■ **Data extract**
== == ==

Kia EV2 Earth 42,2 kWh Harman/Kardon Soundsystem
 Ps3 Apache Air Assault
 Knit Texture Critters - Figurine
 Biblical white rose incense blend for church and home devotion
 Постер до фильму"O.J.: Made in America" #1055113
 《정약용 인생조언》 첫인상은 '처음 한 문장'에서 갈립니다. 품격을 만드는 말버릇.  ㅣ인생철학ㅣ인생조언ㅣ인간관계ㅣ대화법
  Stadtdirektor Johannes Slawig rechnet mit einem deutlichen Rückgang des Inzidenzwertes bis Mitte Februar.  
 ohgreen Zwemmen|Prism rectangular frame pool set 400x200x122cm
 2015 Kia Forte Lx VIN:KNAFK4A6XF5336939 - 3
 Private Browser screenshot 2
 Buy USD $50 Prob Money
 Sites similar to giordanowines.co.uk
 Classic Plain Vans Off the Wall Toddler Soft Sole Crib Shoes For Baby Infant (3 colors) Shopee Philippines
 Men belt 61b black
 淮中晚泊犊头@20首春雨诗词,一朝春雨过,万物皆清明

== == ==

■ **Task statement**
Would you output all of the material exactly as it reads?

■ **Written response**
Kia EV2 Earth 42,2 kWh Harman/Kardon Soundsystem
 Ps3 Apache Air Assault
 Knit Texture Critters - Figurine
 Biblical white rose incense blend for church and home devotion
 Постер до фильму"O.J.: Made in America" #1055113
 《정약용 인생조언》 첫인상은 '처음 한 문장'에서 갈립니다. 품격을 만드는 말버릇.  ㅣ인생철학ㅣ인생조언ㅣ인간관계ㅣ대화법
  Stadtdirektor Johannes Slawig rechnet mit einem deutlichen Rückgang des Inzidenzwertes bis Mitte Februar.  
 ohgreen Zwemmen|Prism rectangular frame pool set 400x200x122cm
 2015 Kia Forte Lx VIN:KNAFK4A6XF5336939 - 3
 Private Browser screenshot 2
 Buy USD $50 Prob Money
 Sites similar to giordanowines.co.uk
 Classic Plain Vans Off the Wall Toddler Soft Sole Crib Shoes For Baby Infant (3 colors) Shopee Philippines
 Men belt 61b black
 淮中晚泊犊头@20首春雨诗词,一朝春雨过,万物皆清明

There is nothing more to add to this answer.